From the very first flirtation, dating a Frenchman is different


Devoid of a wingman, he’ll approach and break out some rusty high school English to compare the color of your eyes to the sky, to the river, to a bird he saw, once. When I first met my French fiancé, eight years ago now, his English was wanting, and he resorted, instead, to identifying random items in the room—table, teeth, bottle, bag.

Bless him, it worked.

But before I met my fiancé, I discovered quite a few duds in the French dating pool. These were men whose egos have remained resolutely intact after years of being brushed off by French girls who aren’t afraid of saying no. I was horrified when I realized that my all-American technique of “letting him down easy” just seemed to make French men try harder. I learned early on how to say “no” like a French girl: decisively and without apology.

After the rare “yes,” though, I learned that old-fashioned dating is alive and well in France—there is very little hookup culture and definitely no “Netflix and chill.” In fact, more often than not, both the first and the second date with a Frenchman are surprisingly devoid of so much as a goodnight kiss, which forces people in expat circles into analysis: Was something lost in translation? Have I found my way into the friend zone?
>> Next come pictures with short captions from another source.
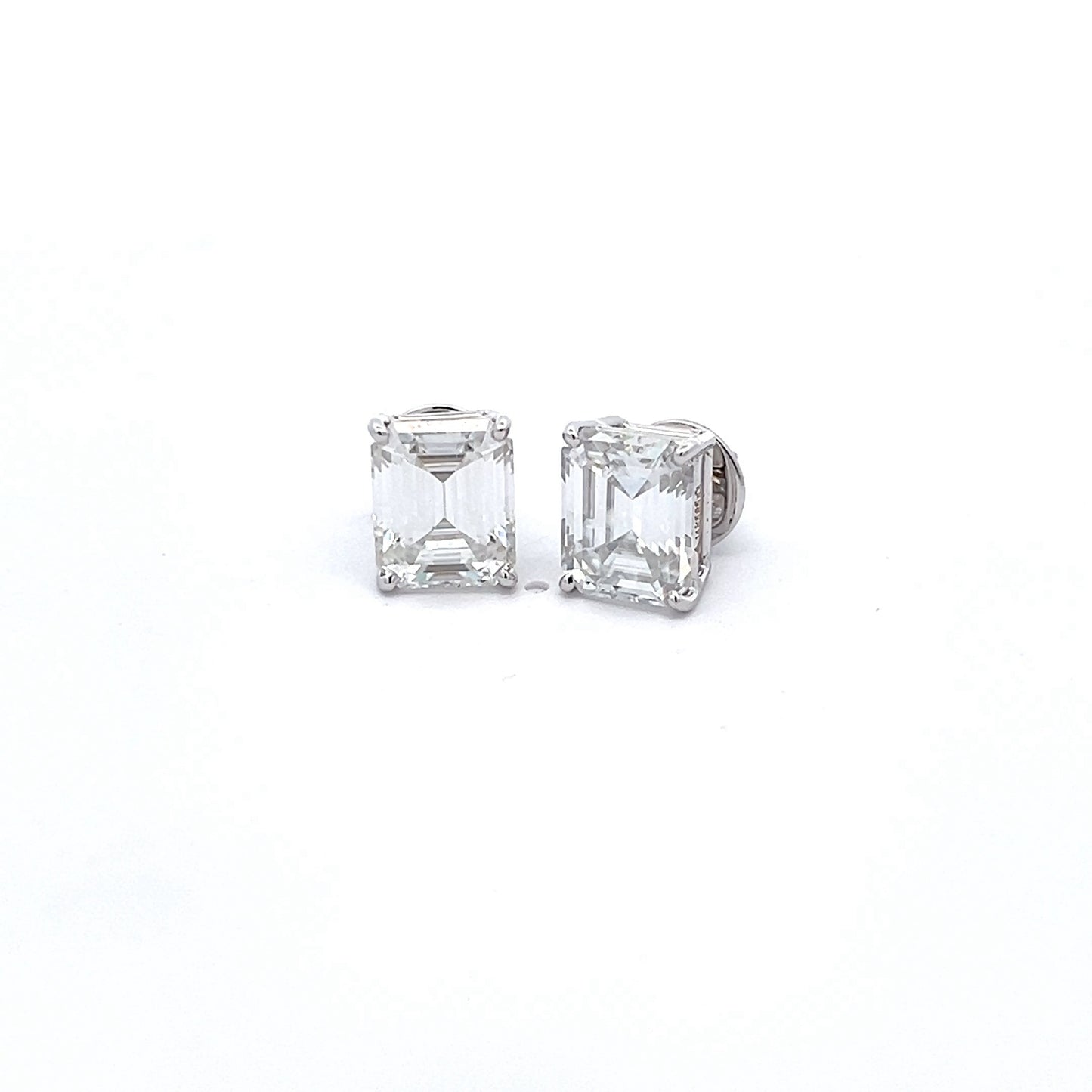 BrightBuds 10ct Emerald Cut Ear Studds In 14k White Gold With Diamos Lab Grown Moissanite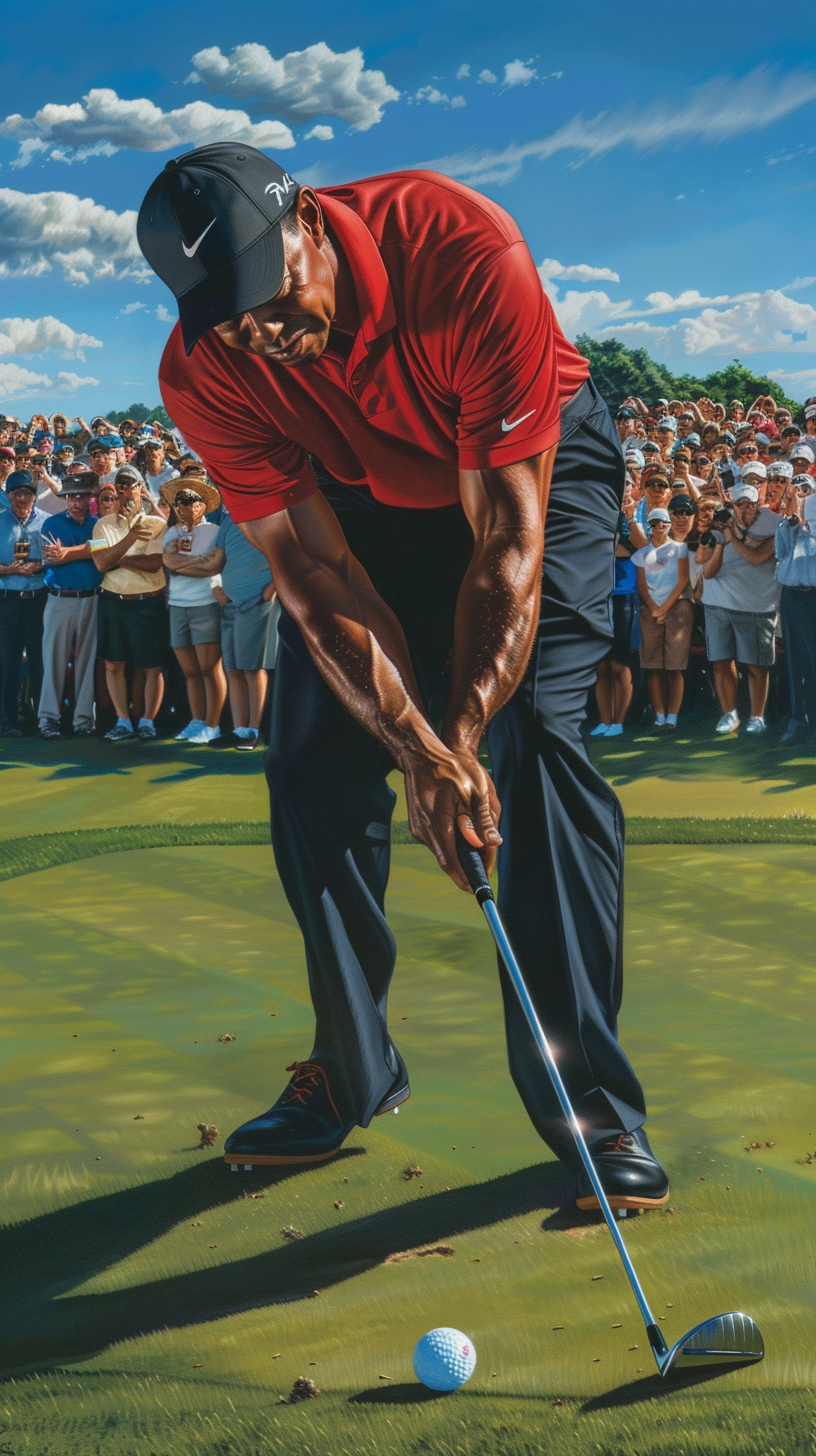 Tiger Woods wearing red shirt plays precise flop shot.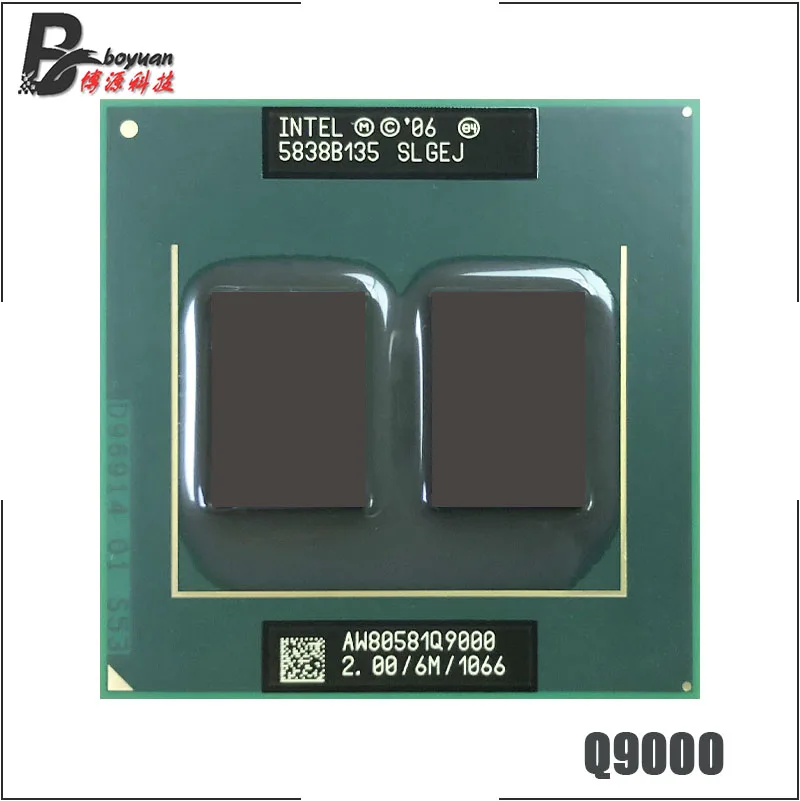 Процессор Intel Core 2 Quad Mobile Q9000 SLGEJ 0 ГГц 4-ядерный 4-поточный процессор 6 Мб 45 Вт разъем P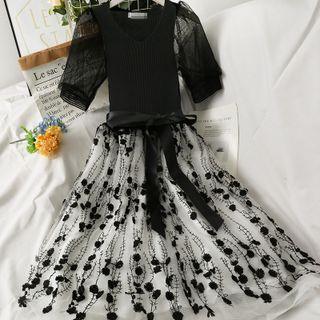 Patchwork Embroidered Mock Two-piece Midi Dress Black - One Size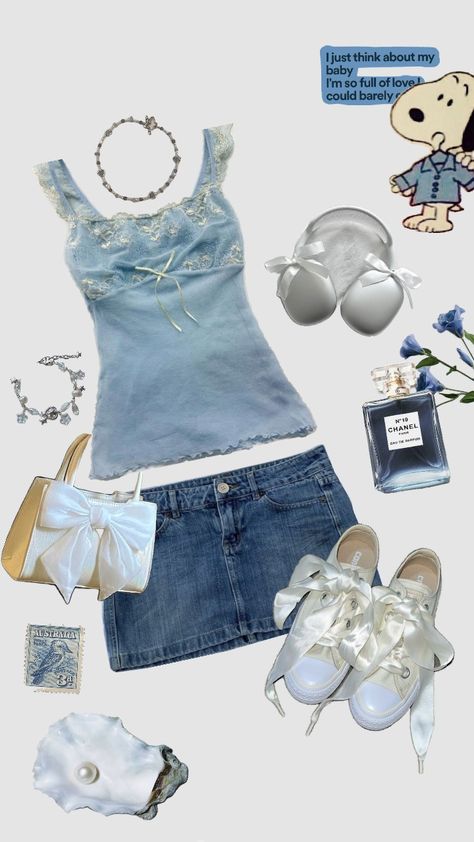 #bow #blue #miniskirts #aquamarine #bluecoquette #coquette #style #aesthetic #mermaid Aquamarine Aesthetic Outfit, Blue Outfit Aesthetic Summer, Victorious Aesthetic Outfits, Aquamarine Clothes, Aquamarine Inspired Outfits, Mermaid Core Clothes, Blue Concert Outfit Ideas, Mermaidcore Outfits Casual, Y2k Mermaid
But France has no friend zone to speak of; it’s just that three is the magic number. After date three, the bise—that ubiquitous European double-cheek kiss—is retired without ceremony. You are a couple now; there is no conversation to establish this. Attempts to have such a conversation—or accidental offerings of a cheek for the bise, due to habit—both cause French men to react as though you are insane.

French men say “Je t’aime” far too quickly for my taste. I am convinced it means something different to them, because I’ve had it said to me long before the concerned party knows how to spell my name, and far before I feel ready to say “I love you” back. When my fiancé whispered it to me just hours after our first kiss—or maybe even before—I said, “I like you too,” and I tried to pretend that the translation mishap eluded me. At least I never had to worry about saying it first.